Assessing Risk and Protective Factors • Is the child at risk from abuse or neglect, and to what degree?
• What is causing the problem?
• What are the strengths or protective factors that could be built on with services to alleviate the problem?
• Is the home a safe environment or must the child be placed?
• Essential information: parental history and family functioning, parent’s view of child, & environmental factors and supports
Interviewing for Assessment
• Ask questions designed to assess the potential risk of the home situation and the capacity of the parents to cope with child rearing.

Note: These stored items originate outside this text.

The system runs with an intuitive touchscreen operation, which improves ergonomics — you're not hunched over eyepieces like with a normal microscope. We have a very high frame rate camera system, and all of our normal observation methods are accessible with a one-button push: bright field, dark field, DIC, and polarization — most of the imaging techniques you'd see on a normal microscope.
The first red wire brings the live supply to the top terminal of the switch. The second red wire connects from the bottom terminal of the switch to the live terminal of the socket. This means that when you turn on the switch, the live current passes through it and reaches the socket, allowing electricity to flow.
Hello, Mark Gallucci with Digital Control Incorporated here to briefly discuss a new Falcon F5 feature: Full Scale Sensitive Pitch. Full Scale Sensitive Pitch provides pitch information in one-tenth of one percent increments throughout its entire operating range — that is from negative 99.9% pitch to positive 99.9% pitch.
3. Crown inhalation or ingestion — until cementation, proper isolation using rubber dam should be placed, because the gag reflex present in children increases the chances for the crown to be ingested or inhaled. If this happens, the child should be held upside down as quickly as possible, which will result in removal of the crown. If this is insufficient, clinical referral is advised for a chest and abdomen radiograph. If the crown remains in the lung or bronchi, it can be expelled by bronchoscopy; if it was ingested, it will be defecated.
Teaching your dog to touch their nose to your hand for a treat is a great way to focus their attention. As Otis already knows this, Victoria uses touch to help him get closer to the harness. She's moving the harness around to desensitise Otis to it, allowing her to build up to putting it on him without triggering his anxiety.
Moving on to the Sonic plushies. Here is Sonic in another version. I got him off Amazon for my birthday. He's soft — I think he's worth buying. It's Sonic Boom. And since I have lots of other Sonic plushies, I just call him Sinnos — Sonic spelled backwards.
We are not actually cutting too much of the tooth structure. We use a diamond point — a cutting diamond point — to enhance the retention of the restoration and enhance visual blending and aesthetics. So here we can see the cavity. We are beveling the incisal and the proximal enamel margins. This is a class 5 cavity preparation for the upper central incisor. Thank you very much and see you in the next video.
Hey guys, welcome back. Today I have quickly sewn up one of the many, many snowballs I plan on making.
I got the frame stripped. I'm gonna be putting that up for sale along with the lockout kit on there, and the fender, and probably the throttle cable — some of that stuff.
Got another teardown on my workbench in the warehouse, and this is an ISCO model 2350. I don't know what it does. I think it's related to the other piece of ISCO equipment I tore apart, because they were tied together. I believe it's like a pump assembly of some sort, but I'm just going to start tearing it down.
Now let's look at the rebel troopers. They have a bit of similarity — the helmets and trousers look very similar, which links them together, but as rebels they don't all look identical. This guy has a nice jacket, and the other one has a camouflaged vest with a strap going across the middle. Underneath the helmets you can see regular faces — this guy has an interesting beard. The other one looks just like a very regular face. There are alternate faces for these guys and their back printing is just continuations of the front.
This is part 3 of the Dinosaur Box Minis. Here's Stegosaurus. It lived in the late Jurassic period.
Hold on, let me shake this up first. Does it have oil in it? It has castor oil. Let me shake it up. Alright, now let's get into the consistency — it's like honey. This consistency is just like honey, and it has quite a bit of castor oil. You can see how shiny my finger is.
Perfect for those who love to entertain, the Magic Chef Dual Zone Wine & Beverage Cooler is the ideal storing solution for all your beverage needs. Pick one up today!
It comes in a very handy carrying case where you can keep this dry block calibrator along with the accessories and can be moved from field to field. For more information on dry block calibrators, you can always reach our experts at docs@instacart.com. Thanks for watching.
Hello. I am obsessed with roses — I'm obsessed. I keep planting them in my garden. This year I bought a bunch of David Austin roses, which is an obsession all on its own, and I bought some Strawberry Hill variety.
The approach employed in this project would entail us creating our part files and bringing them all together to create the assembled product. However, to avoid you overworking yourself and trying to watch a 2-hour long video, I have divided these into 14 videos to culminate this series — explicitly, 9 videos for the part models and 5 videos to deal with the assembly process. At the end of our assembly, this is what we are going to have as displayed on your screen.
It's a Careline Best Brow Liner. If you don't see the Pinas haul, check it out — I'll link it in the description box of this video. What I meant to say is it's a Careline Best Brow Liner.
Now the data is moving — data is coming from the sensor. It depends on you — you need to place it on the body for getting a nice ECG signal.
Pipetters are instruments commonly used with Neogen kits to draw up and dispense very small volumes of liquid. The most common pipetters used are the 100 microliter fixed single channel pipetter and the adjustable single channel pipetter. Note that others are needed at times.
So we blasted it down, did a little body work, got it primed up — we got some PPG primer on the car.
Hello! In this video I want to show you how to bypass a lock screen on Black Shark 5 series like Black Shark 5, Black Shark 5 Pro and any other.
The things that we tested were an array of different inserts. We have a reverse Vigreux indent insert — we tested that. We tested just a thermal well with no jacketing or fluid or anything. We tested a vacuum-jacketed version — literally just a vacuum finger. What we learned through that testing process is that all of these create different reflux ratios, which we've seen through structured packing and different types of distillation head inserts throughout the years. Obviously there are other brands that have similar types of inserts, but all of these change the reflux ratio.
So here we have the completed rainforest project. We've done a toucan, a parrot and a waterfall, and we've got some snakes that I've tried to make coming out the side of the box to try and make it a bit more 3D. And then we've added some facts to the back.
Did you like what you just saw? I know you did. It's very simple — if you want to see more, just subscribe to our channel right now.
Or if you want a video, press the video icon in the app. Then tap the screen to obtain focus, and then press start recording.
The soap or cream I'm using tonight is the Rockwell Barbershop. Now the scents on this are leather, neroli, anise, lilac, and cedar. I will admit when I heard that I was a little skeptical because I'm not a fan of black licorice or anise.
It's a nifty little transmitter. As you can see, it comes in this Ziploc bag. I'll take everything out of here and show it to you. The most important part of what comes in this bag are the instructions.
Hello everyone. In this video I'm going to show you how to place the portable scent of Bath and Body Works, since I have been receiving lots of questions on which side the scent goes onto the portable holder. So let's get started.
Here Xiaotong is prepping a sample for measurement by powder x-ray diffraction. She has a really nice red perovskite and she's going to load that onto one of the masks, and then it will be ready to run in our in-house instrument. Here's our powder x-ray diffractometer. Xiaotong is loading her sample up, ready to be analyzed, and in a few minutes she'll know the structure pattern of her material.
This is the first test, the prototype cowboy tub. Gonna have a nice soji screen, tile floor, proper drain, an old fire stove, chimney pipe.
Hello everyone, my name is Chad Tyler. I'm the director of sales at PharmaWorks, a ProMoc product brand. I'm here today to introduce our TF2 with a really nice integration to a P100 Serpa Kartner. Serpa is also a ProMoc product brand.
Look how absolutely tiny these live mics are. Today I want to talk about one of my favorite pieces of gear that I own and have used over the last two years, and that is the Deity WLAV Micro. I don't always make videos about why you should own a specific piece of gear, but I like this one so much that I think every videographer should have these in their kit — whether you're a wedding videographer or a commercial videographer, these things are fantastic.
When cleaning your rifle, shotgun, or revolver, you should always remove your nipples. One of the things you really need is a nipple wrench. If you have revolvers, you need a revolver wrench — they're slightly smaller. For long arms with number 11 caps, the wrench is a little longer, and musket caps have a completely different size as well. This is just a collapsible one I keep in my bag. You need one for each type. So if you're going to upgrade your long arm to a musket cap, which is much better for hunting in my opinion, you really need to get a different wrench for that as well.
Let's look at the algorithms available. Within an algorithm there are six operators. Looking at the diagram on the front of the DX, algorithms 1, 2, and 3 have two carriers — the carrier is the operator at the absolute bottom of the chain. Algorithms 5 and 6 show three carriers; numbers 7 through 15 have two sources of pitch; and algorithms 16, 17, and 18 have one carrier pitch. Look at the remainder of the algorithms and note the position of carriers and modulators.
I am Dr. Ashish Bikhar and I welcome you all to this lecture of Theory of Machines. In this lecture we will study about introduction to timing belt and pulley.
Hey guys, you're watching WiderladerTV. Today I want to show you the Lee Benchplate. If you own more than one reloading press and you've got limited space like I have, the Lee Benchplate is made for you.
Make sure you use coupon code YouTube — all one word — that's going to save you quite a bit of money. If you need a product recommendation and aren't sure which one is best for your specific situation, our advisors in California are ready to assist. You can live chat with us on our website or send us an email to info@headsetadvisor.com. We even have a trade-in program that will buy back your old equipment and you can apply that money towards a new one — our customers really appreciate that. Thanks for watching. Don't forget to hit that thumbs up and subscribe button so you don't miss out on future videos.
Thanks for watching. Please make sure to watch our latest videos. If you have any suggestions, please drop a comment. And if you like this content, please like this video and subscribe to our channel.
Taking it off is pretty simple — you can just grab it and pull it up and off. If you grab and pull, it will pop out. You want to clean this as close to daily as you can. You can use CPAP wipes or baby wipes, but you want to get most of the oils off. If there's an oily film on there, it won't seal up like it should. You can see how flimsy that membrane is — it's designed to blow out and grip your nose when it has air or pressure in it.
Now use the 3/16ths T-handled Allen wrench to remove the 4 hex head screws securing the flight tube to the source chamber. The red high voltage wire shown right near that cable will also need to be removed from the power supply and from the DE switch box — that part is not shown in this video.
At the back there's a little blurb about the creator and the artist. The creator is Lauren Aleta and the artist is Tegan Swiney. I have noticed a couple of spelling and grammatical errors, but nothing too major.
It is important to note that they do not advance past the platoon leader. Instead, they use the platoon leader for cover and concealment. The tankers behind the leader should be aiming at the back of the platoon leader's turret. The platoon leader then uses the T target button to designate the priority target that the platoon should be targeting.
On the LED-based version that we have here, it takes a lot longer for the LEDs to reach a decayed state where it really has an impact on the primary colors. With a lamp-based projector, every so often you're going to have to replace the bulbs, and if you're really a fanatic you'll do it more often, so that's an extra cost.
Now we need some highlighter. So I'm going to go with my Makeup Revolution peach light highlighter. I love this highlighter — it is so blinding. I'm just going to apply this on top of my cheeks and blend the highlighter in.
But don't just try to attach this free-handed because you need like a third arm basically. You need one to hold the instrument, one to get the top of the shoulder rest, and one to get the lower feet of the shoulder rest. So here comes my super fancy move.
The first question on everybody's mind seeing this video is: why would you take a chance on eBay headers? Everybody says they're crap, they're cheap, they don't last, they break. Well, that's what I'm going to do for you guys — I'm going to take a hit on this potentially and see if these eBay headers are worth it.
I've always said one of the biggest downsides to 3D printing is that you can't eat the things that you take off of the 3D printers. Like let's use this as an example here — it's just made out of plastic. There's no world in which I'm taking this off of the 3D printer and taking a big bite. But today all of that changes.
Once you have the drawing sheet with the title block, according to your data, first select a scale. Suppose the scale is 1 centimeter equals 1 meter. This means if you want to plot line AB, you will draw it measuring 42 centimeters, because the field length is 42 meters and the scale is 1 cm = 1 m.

• Use non-leading questions; avoid blaming; recognize the client’s feelings
• Interview the child in a nonthreatening setting; adjust to child’s developmental level and language preferences, including names of body parts; allow for stories, metaphors, and drawings
Handling Emergencies
• Emergencies: imminent danger to the child, child abandonment, or if the parents are not cooperating.
• Require an immediate decision on whether to involve the court system, remove the child from home, or both; need assessment to determine who should have custody of the children and the impact that this will have on the children.